In The Trojan Horse in the City of God, Dietrich von Hildebrand accuses the self-styled postconciliar “progressives” of an incorrect view of virtue and truth. They behave, he says, as if one error could be counterbalanced by another, so that laicism is seen as the cure for clericalism, or contempt for tradition could counterbalance an ignorant attachment to it. It is like believing that what the coward needs is a dose of rashness, or what the prude needs is a visit to the brothel. But virtue is not an arithmetic mean between vices, and truth is not an arithmetic mean between errors. Indeed vices and errors that seem opposed to one another often spring from the same bad soil.
The “progressive,” then, sets his sight on a Christ of the imagination, always fading beyond the horizon ahead, in the land of Would Have: So Jesus, who notably did not choose any women among the twelve, must cede to the Christ Who Would Have, had He been among us now. People of every political stripe can play this game. The Jesus who said, “One cannot serve both God and Mammon,” must cede to the Christ Who Would Have defined our salvation in material terms, whether procured by free enterprise or the socialist leviathan. The Jesus whose clarion call for sexual purity forbids divorce must cede to the Christ Who Would Have smiled upon fornication, which is to set divorce at the very heart of the sexual act. The “progressive” is thus always two steps ahead of the Holy Spirit.
All of which begs the question, again, of truth. For if you are walking down into hell, progress is the last thing you need.
The applications of this are replete and it seems that von Hildenbrand may have had a pretty good handle on the things to come. The non-Roman Catholics who read this can gain every bit as much from it as those who share von Hildebrand's church.
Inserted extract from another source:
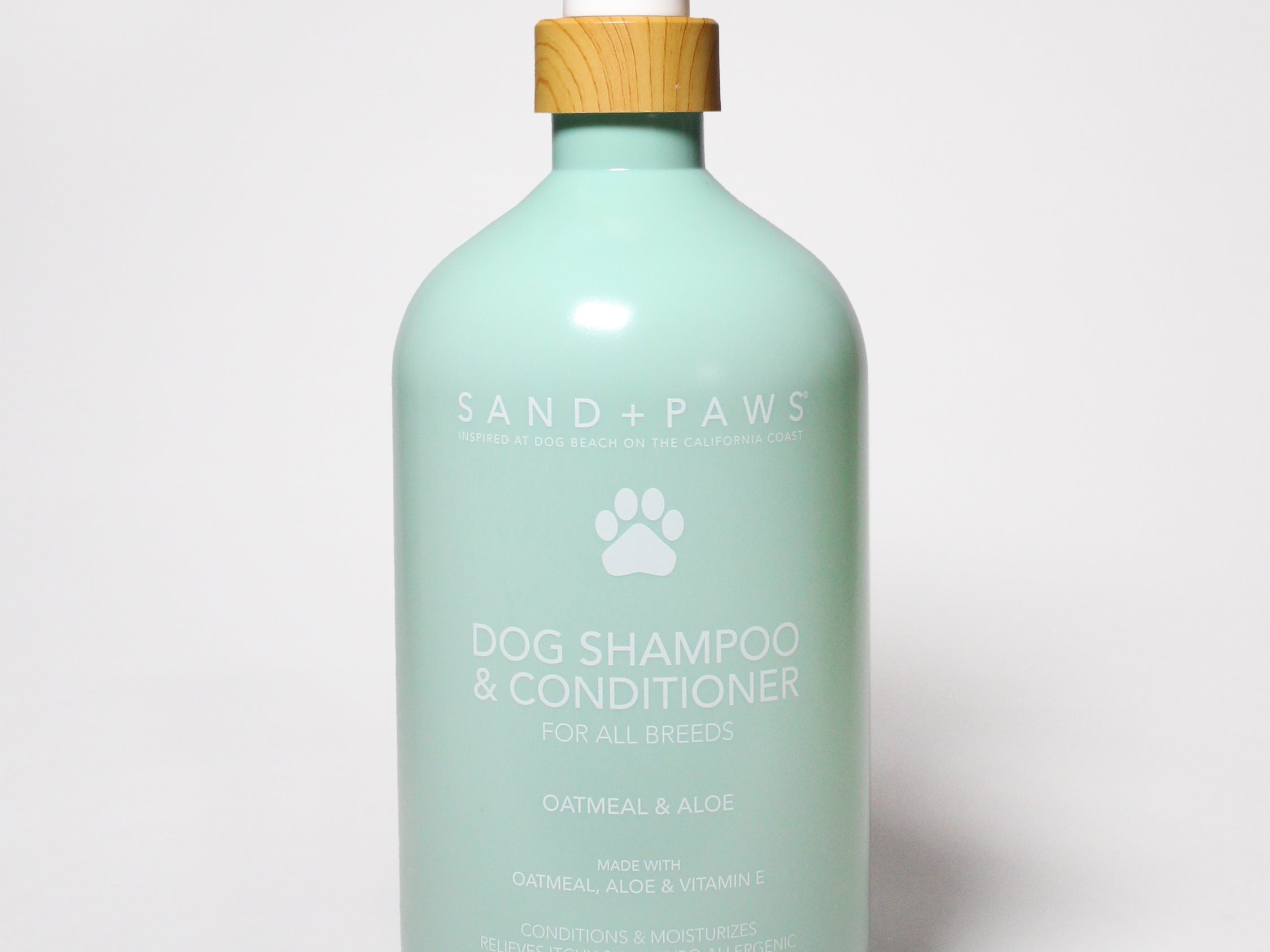 Dog shampoo and conditioner bottle with pump dispenser, pale teal, paw print label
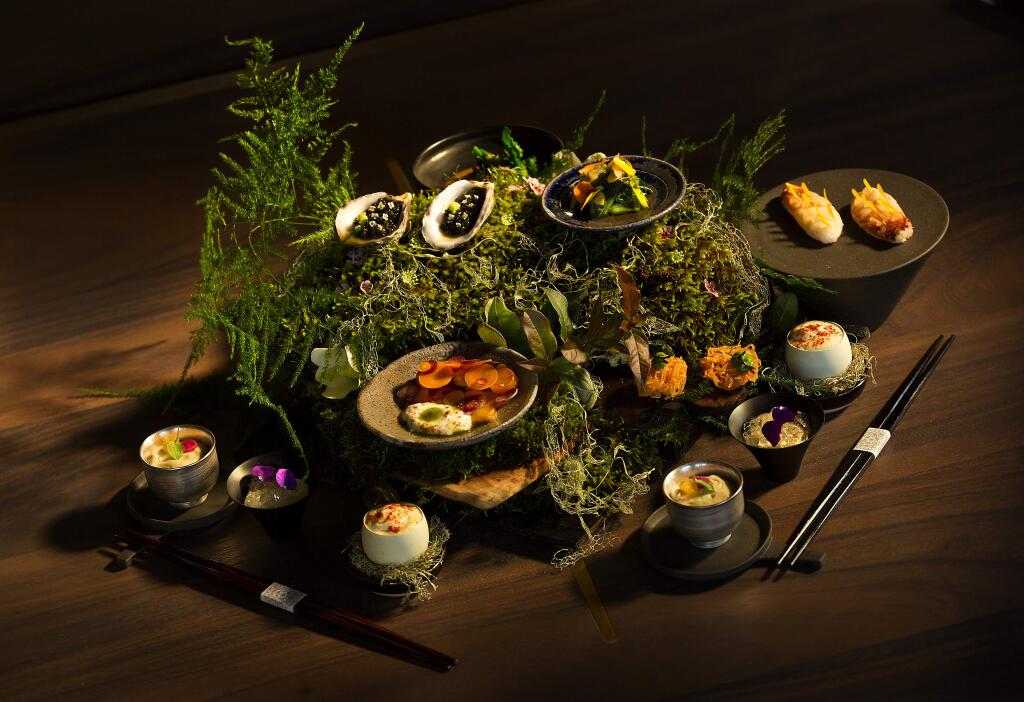 Photos by John Burgess / The Press Democrat)An array of dishes are presented on a bed of wood, moss and ferns at Single Thread Farm-Restaurant-Inn, the new upscale Japanese restaurant in Healdsburg.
“In the spirit of Vatican II” is a spirit that is defined a priori as suspicious of tradition and “open” to “modern culture...” It would seem that Lutheranism and other Christian traditions have ingested some of the spirit of Vatican II and the result of which is that we have become suspicious of our recent past and our catholic past and more open to modern culture (secular, entertainment oriented, and pleasure seeking).
HT to Anthony Esolen, about whom I know little, other than he teaches at Providence College and is a Senior Editor for Touchstone.
Non-Roman Catholics who read this will not gain as much as those who share von Hiildebrand's church, because, what he said is torn from the context of developments and controversies specific to that church.
We Lutherans may well note his opposition to the redefinition of Jesus in which Jesus emerges supporting what he had previously been held to oppose.
What we may not note, and which many Catholics themselves do not note or simply ignore, is that von Hildebrand is himself part of the school that produced these redefinitions, which school is based in phenomenology.
Von Hildebrand was a doctoral candidate under phenomenology's founder, Edmund Husserl, and was closely associated with Max Scheler, who took phenomenology further and whose own conversion to Catholicism deeply influenced his own.
A young doctoral candidate, a priest named Karol Wojtyla, wrote his dissertation on constructing Christian Ethics on Scheler's phenomenology.
Such efforts were part of a broad movement, not confined to doctrine or to liturgy, to bring both Christian thinking and worship out of the framework of Scholasticism in which it had existed for centuries during the Holy Roman Empire, whose remnants had just passed beneath the waved with WWI.
Phenomenology was key to this effort, to re-express both thought and practice in a modern way, not beholden to the patterns of Scholastic thought whose roots in turn were in ancient Rome and Greece.
His opposition to the "Christ Who Would Have" then is not the opposition of tradition to modern reinvention, but the opposition of a conservative modern reinvention to more liberal ones that take the reinvention farther. While this opposition has similarities to the opposition from tradition, it is not the same and is fundamentally misunderstood when invoked as if it were the same.
DvH for example despised the novus ordo, per se, not just "abuses", and thought the devil himself could not have better messed liturgy up. The "spirit of Vatican II" is not a distinct spirit, but the same spirit carried farther than its conservative proponents want it carried.
It makes no sense for us Lutherans to invoke him as a defence of traditional Christian thought yet include along with its traditional liturgy our own version of the new order, rites, calendar, lectionary and all, that proceeds from exactly the same thought. Like some sort of Lutheran version of the "reform of the reform" in which conservative non-traditional, ie postconciliar, Catholics try to reign in the more liberal ones. "Reform" is not at issue, just its extent, staying short of the entertainment orientation and pleasure seeking for a Jesus Would Have who would have kept the smells and bells of dressing up and playing church.